R.J. let me have a peek at What a Pill, a current project that he wrote and directed. It's a comedy and, the 10 minute-or-so excerpt that I saw was not only very funny (in a sweet rather than raucous way), but very well put together. Lighting, sound, camera work, editing . . . R.J. has it all together.
He is seeking financing for the project (he's estimating about $2 million) and tells me that "the investor and press packets are out. I do have some promising leads, but nothing is firm until the signatures are on the dotted line." He continues that he is writing other screenplays "in various genres and subjects," including a sci-fi and a crime drama.
It is thrilling to see someone you know and like with such talent and promise plunging ahead into the unknown and attempting to make a mark for himself. What a Pill is quality creative stuff and R.J. is disciplined and productive. If he can get it into the right hands, look out!
Seeing R.J's film inspired me to resurrect an idea I had many years ago. Impressed by countless viewings of Monty Python and the Holy Grail, I conjured up my own religious fantasy film, tentatively titled The Search for the Holy Foreskin. I see it as potentially the greatest religious epic of them all.
As a Jewish boy, Jesus had been circumsized. Now when he rose up to heaven on the third day, the big question (well, the big question in Pawtucket, where I grew up) was, "What happened to the Holy Foreskin?" Did it end up in a foreskin disposal unit or a standard 2000-year-old trash barrel? Or did it, independent of the rest of Jesus's body, rise up to heaven? People in medieval times didn't think so and it is well-documented that, along with such popular religious relics as slivers of the True Cross, there was a fairly brisk market in Holy Foreskins.

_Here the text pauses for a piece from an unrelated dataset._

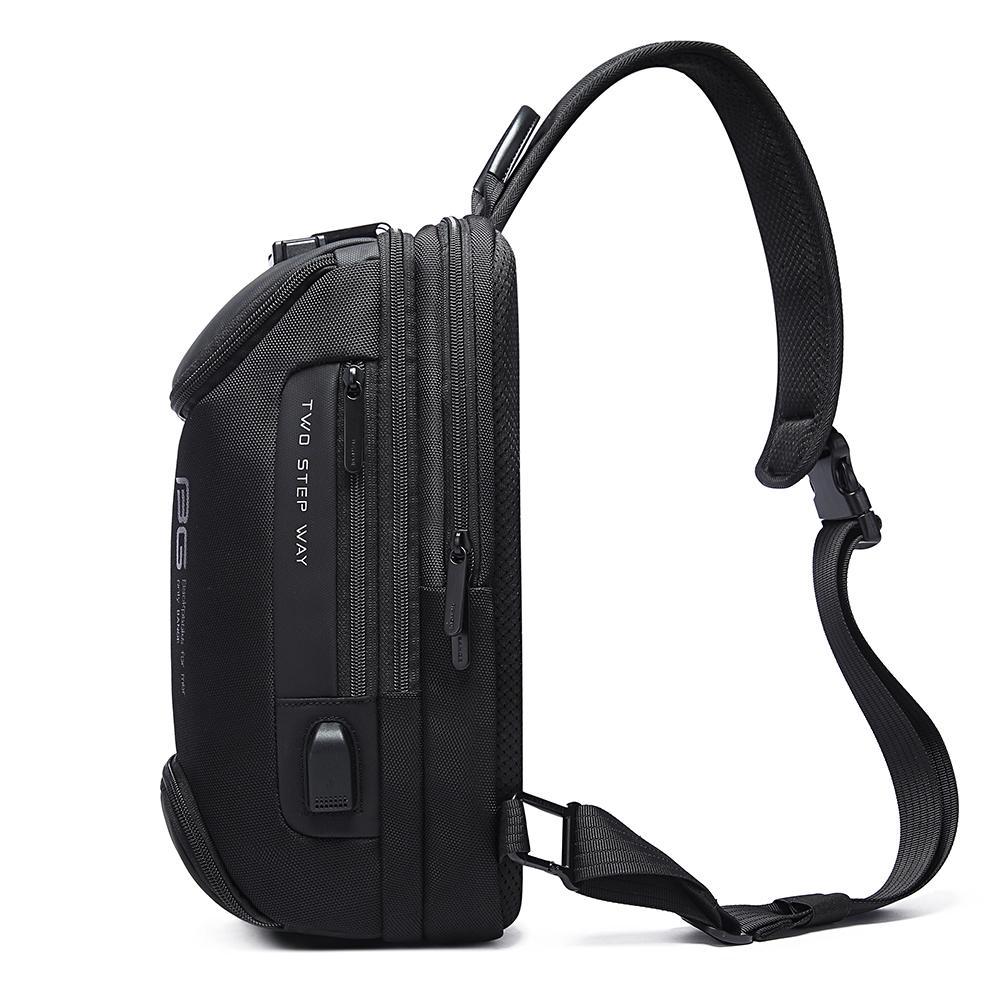 Mochila Cruzada Bange. Sistema antirrobo programable. Carga USB. Material resistente al agua. Compartimientos para tablet de 9.7 y más. Modelo BG-7082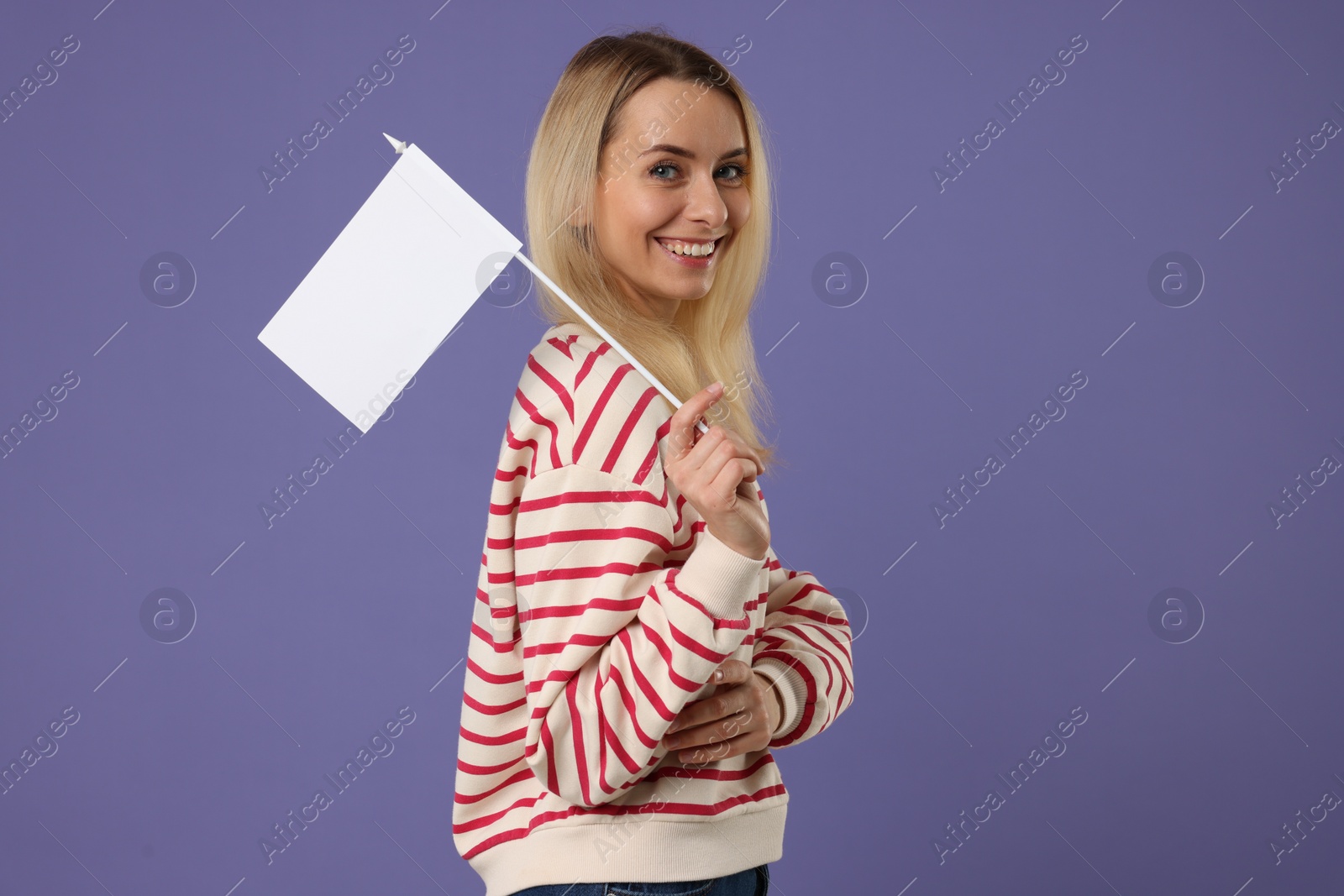 Photo of Happy woman with blank white flag on violet background. Mockup for design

So now, I'm thinking, "Here's a strong mystery premise. We have to come up with some entertainment value as well." When I was growing up, sword and sandal epics featuring Hercules and various sons of Hercules were boffo box office. So why not bring back Gordon Scott and Steve Reeves (remember, this is a few decades back) to play a couple of Hercules-like fellas? They could each have competing claims to the authentic Holy Foreskin and then have to duke it out in a battle royale, replete with well-built hairless male bodies, glistening with sweat and body oil, until a winner emerges to claim the prize.
Obviously, this would require a far higher budget than R.J.'s measly $2 mil but, if necessary, I can scale back my aspirations and shoot the whole thing in Olneyville with a few carnival workers rather than the former Hercules and Son of Hercules. And I have no problem with the actors riding broomsticks with cardboard horse-heads rather than actual animals (also, no clashes with the ASPCA that way).